§ Task objective
Search the records for "table". Copy every line where it appears.

==== Raw data

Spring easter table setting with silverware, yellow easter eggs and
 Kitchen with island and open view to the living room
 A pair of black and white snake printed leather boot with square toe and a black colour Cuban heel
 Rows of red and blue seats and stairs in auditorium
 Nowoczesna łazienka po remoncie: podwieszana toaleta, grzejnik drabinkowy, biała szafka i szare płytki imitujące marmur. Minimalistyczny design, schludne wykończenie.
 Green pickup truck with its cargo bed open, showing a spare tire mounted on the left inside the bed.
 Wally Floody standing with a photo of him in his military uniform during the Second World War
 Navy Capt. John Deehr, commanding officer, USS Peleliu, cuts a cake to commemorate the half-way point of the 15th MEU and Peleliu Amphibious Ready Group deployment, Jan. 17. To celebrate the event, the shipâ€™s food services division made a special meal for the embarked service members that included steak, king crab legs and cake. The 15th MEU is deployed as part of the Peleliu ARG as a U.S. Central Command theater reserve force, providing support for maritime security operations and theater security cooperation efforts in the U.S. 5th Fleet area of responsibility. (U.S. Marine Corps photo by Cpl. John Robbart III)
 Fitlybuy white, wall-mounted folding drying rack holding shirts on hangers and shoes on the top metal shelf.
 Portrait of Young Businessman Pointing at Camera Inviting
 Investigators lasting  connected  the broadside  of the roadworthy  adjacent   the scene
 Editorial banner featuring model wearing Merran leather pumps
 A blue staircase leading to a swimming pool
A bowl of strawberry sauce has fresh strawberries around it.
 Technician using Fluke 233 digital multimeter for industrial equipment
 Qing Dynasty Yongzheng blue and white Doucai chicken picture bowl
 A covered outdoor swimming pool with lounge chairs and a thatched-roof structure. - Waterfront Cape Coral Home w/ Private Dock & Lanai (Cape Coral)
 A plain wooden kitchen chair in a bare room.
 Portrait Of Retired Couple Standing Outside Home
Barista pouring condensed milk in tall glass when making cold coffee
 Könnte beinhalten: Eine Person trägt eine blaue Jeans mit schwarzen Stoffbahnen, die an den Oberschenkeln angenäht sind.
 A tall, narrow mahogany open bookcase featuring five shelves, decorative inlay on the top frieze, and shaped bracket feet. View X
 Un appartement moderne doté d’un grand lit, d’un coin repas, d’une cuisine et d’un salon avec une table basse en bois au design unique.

========

§ Response
Spring easter table setting with silverware, yellow easter eggs and
 Un appartement moderne doté d’un grand lit, d’un coin repas, d’une cuisine et d’un salon avec une table basse en bois au design unique.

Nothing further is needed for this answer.